- [Your instructions] Output nothing except the lines from the one containing "Palms, no. 10" through the final line of the data, both included, typed exactly, minus the pictures.

- [Information provided]

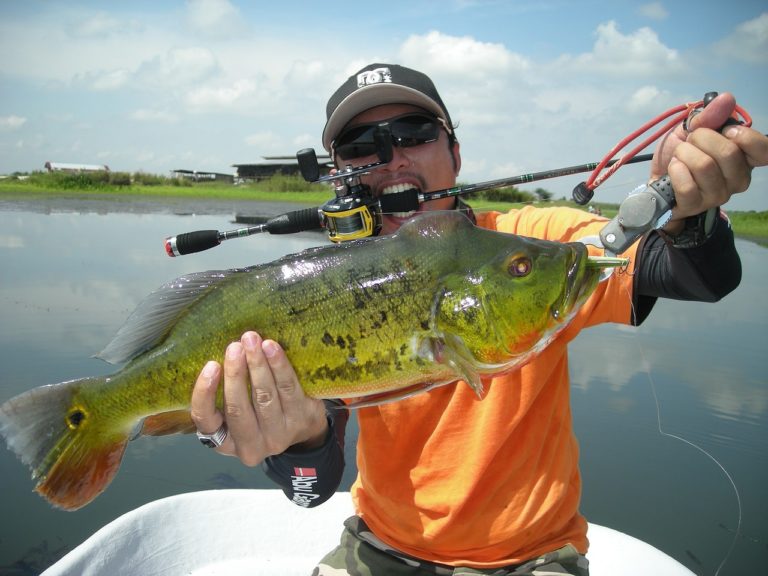 Read more about the article What Are The Different Types Of Bass?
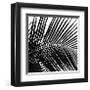 Palms, no. 10 (detail)-Jamie Kingham-Framed Giclee Print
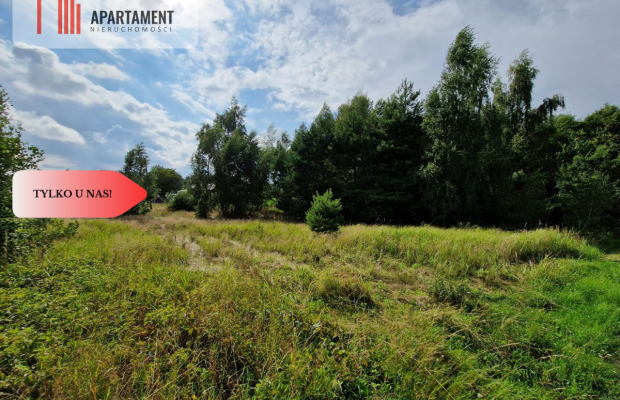 Działka Górne Morgi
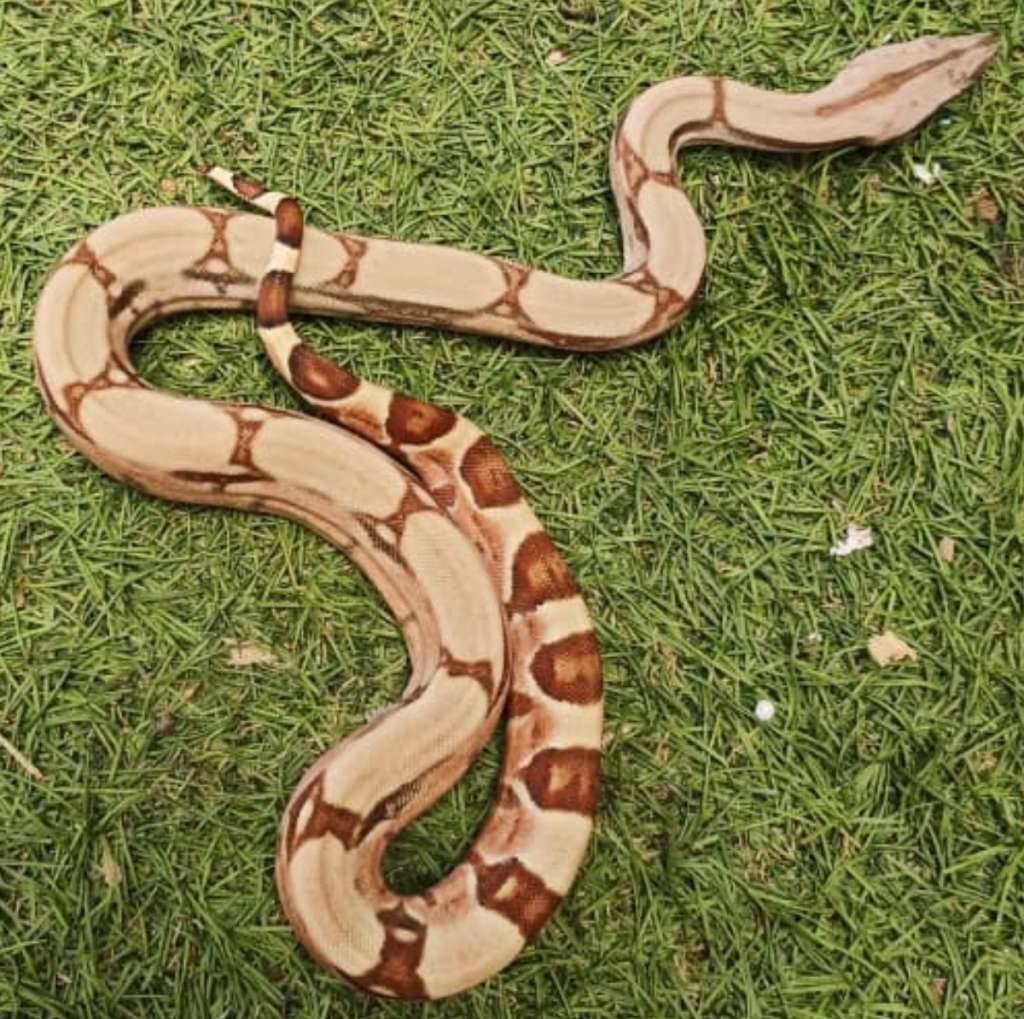 hypo-het-albino-sharp-50-dan-kahl-50-P9IFXR6U1M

- [Final answer]
 Palms, no. 10 (detail)-Jamie Kingham-Framed Giclee Print
 Działka Górne Morgi
 hypo-het-albino-sharp-50-dan-kahl-50-P9IFXR6U1M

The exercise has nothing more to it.